The cpFOCE uses replicate experimental flumes to enclose sections of a coral reef and dose them with CO_{2}-enriched seawater using peristaltic pumps with computer controlled feedback loop to maintain a specified pH offset from ambient conditions. A cpFOCE chamber has forward and rear flow conditioners on either end to accommodate bidirectional ocean currents. The openings are placed parallel to the dominant axis of tidal currents over the reef flat, and the chamber is anchored with sand stakes. The flow conditioners are attached to maximize turbulence and provide passive mixing of the CO_{2} enriched seawater. Four of the tubes in the flow conditioners furthest from the chamber have small holes along their length through which low pH water is pumped to dispense it evenly along the entire width and height of the conditioner. The flow conditioners are also painted white to minimize heating and algal growth. The cpFOCE system was deployed at Heron Island (Great Barrier Reef) to investigate the response of coral communities to ocean acidification.

===European FOCE (eFOCE)===

The European FOCE (eFOCE ) comprises two open-top chambers (control and experimental) as well as a surface buoy housing the electronics and pumps to produce CO_{2}-enriched water.
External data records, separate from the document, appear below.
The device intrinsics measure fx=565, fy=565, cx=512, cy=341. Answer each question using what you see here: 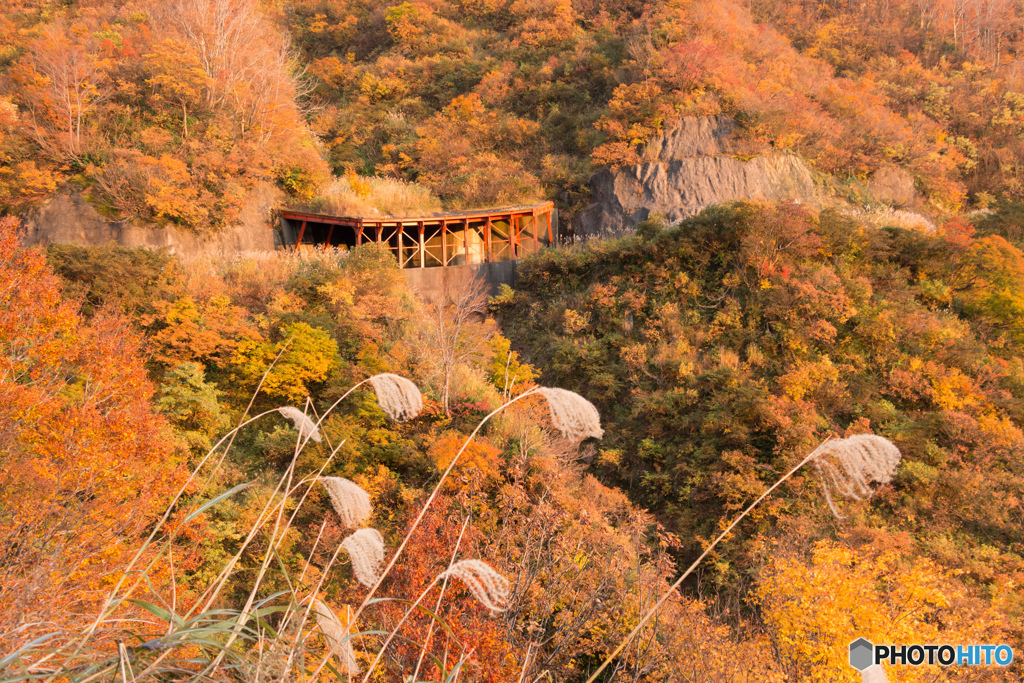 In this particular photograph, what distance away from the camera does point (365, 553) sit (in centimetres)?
276

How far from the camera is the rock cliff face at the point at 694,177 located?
69.3ft

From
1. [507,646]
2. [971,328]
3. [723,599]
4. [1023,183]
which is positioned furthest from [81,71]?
[1023,183]

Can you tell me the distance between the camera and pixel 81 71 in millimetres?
19078

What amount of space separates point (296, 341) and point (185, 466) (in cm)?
408

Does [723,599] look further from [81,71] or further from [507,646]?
[81,71]

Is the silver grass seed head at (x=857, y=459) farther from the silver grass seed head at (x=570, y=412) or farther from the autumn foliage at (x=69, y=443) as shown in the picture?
the autumn foliage at (x=69, y=443)

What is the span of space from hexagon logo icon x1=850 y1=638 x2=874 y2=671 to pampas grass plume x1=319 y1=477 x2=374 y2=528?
9137 millimetres

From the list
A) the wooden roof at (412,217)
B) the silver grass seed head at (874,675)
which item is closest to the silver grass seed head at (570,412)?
the silver grass seed head at (874,675)

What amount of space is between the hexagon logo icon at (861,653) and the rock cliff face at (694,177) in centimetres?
1508

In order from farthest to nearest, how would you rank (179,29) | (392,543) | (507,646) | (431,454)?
(179,29), (431,454), (392,543), (507,646)

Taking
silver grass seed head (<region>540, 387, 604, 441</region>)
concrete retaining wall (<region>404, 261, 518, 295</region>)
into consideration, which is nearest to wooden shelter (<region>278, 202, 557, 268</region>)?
concrete retaining wall (<region>404, 261, 518, 295</region>)

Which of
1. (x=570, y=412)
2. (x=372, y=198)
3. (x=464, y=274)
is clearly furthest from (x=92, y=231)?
(x=570, y=412)

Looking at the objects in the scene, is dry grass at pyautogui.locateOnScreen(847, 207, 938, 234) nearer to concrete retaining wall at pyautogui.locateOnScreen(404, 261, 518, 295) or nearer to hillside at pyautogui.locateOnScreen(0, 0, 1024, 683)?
hillside at pyautogui.locateOnScreen(0, 0, 1024, 683)

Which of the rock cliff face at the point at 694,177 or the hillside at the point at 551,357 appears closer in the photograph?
the hillside at the point at 551,357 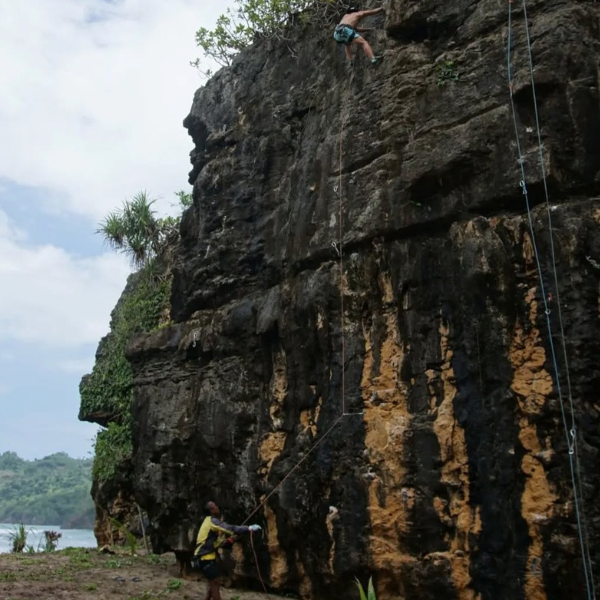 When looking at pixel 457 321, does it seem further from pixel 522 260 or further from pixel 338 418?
pixel 338 418

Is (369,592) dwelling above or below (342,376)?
below

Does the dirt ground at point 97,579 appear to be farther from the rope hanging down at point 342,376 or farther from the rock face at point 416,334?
the rope hanging down at point 342,376

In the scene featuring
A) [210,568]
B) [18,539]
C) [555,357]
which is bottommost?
[210,568]

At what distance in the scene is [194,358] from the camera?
12672 millimetres

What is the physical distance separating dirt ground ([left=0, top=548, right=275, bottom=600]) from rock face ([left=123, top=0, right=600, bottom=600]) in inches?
27.2

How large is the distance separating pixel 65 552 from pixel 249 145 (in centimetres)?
955

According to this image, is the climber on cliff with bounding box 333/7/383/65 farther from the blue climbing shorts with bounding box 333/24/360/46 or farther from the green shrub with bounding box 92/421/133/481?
the green shrub with bounding box 92/421/133/481

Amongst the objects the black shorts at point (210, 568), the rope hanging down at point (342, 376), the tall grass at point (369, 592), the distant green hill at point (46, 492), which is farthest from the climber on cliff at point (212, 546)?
the distant green hill at point (46, 492)

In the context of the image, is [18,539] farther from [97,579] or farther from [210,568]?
[210,568]

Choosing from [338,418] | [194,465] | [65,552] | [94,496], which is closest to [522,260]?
[338,418]

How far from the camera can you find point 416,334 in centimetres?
847

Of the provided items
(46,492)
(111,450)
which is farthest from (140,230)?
(46,492)

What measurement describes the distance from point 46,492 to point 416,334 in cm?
9626

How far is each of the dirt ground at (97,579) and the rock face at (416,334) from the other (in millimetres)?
691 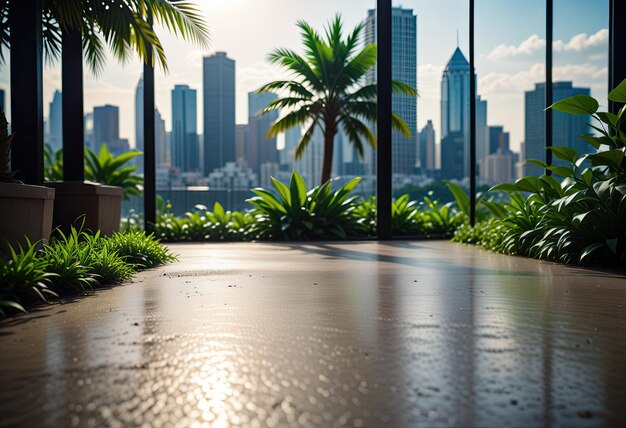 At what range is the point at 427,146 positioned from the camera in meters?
10.9

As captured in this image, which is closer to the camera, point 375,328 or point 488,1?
point 375,328

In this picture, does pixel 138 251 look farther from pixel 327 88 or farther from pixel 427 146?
pixel 327 88

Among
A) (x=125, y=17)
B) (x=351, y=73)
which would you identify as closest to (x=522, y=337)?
(x=125, y=17)

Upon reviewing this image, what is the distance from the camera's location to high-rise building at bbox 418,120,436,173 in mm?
10781

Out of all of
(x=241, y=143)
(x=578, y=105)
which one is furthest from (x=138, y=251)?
(x=241, y=143)

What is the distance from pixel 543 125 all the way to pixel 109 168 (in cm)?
722

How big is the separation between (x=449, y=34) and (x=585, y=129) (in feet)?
8.45

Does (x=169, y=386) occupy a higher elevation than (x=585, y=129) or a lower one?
lower

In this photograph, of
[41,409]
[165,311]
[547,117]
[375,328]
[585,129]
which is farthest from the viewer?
[585,129]

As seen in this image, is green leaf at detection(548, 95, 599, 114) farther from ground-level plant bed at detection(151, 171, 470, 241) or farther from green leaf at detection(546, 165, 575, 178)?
ground-level plant bed at detection(151, 171, 470, 241)

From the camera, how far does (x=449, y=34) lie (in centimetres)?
1011

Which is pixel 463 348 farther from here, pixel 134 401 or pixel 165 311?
pixel 165 311

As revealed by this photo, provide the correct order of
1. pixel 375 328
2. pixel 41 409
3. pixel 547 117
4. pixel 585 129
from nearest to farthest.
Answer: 1. pixel 41 409
2. pixel 375 328
3. pixel 547 117
4. pixel 585 129

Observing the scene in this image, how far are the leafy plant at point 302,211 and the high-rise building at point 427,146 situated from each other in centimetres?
148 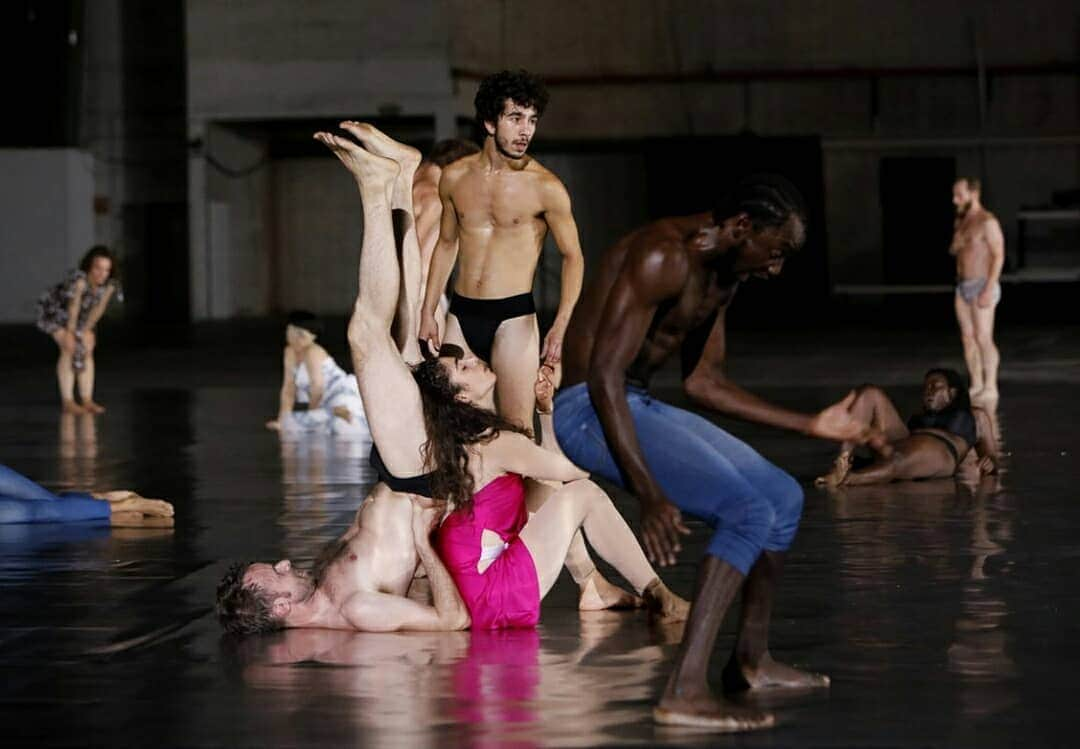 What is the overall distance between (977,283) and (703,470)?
1239 cm

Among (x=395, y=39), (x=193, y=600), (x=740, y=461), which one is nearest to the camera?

The system is powered by solar and wind energy. Data packets are wirelessly sent to the nearby laboratory and can be monitored on the internet. The eFOCE system is currently deployed in the bay of Villefranche-sur-mer (France) at about 12 m depth and 300 m offshore. The eFOCE project has been developed to investigate the long-term effects of acidification on benthic marine communities of the North West Mediterranean Sea, especially Posidonia seagrass beds. Over a 3-year period, the aim of the project is to develop relatively long (> 6 month) experiments.

===Shallow Water FOCE (swFOCE)===

In collaboration with Hopkins Marine Station and the Center for Ocean Solutions, Monterey Bay Aquarium Research Institute is developing a swFOCE system to examine the effects of ocean acidification on shallow subtidal communities in central California. swFOCE will use a shore side station for the control system and production of CO_{2} enriched seawater, and will also use and will use an existing cabled observational and research platform to connect the swFOCE node. Two swFOCE chambers will be installed initially at a depth of 15 m, approximately 250 m offshore. The nearby node of the cabled observatorynode, has instruments to monitor local currents, temperature, pH, and O2 in real-time, as a cabled observatory platform for scientific research.

===Antarctic FOCE (AntFOCE)===

The first polar FOCE (antFOCE) experiment was awarded funding in November 2012, followed by design and concept studies initiated in 2013. Installation and initial science experiments are planned for 2014. antFOCE is a collaborative effort between the University of Tasmania, Australian Antarctic Division, Antarctic Climate & Ecosystems Cooperative Research Centre, Monterey Bay Aquarium Research Institute and specialist ocean acidification policy advisors from the International Ocean Acidification Reference Users Group (IOA-RUG). The IOA-RUG will take the lead in communicating the outcomes of the FOCE experiment to global climate and ocean policy related organizations.